だが、ここでも養父のギャンブル依存は収まらない。養母は再び家を出て、サラリーマン相手の屋台を始めた。宗次さんは屋台の手伝いを決意する。
「土曜日の昼に小学校が終わると、バス代20円だか30円をもらって母親の元に行って、夕方一緒に屋台をひいて。母親とのふれあいがうれしくて、毎週(通って)ね……。深夜2時ごろ、屋台を片づけ、日曜日の昼にはカレーや善哉を食べさせてくれました。小学5年くらいまでかな、毎週手伝いを続けましたね」
中学時代も養父の競輪狂いが止まらずに家賃を滞納。そのたびにアパートを追い出されてしまい、名古屋市内を転々とした。
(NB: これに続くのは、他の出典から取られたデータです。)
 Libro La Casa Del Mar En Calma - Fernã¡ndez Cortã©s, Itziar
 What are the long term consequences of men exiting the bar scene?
アルバイトを始めたのもこのころのことである。中学1年生の冬休みには米屋に泊まり込み、朝の6時から正月用の餅つきをして働いていたという。
高校は夜間高校を志望していたが、先生に言われるまま受けた愛知県立小牧高等学校商業科に合格。本人の意思に反して、全日制高校に通う身となった。
だが高校入学の手続きの段階で、衝撃の事実を知る。
学校に提出するために戸籍謄本を取り寄せたところ、それまで実の両親だと思い続けていたが、『養父・養母』との記載があった。そればかりか、誕生日が違い、それまで基陽と呼ばれていた名前までもが本名ではないことがわかったのだ。
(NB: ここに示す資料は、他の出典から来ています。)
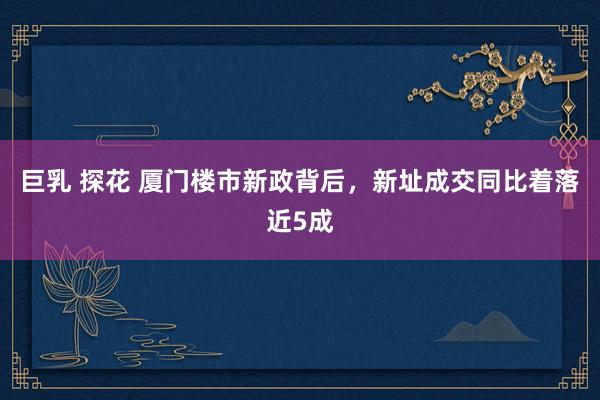 巨乳 探花 厦门楼市新政背后，新址成交同比着落近5成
「戸籍謄本を見て3つの発見をした人生でした。それも15歳でね」
それでも、養子であることが虐待の原因と思ったり、養父を恨んだりはしなかった。
「なにも思わなかった。ホントになんにも思わなかったですね。(名前や誕生日も)“あ、違っていたんだ”ぐらい」
宗次さん高校入学の直前に、養父の胃がんが発覚。わずか2か月後、57歳の若さで逝去する。死の直前まで病室のまくら元に競輪選手名鑑を持ち込んでは宗次さんに読み上げさせ、それを幸せそのものの表情で聴き入っていた。
ギャンブル依存からついぞ抜け出すことができなかったこの養父に、どれほど苦労させられたことか。
だが裸一貫から事業を立ち上げて株式を店頭公開するまでに至るその根本には、養父との生活で身につけた“つらさを克服すること”と“喜ばれることを一生懸命にやる”という精神が、間違いなく存在するのだ。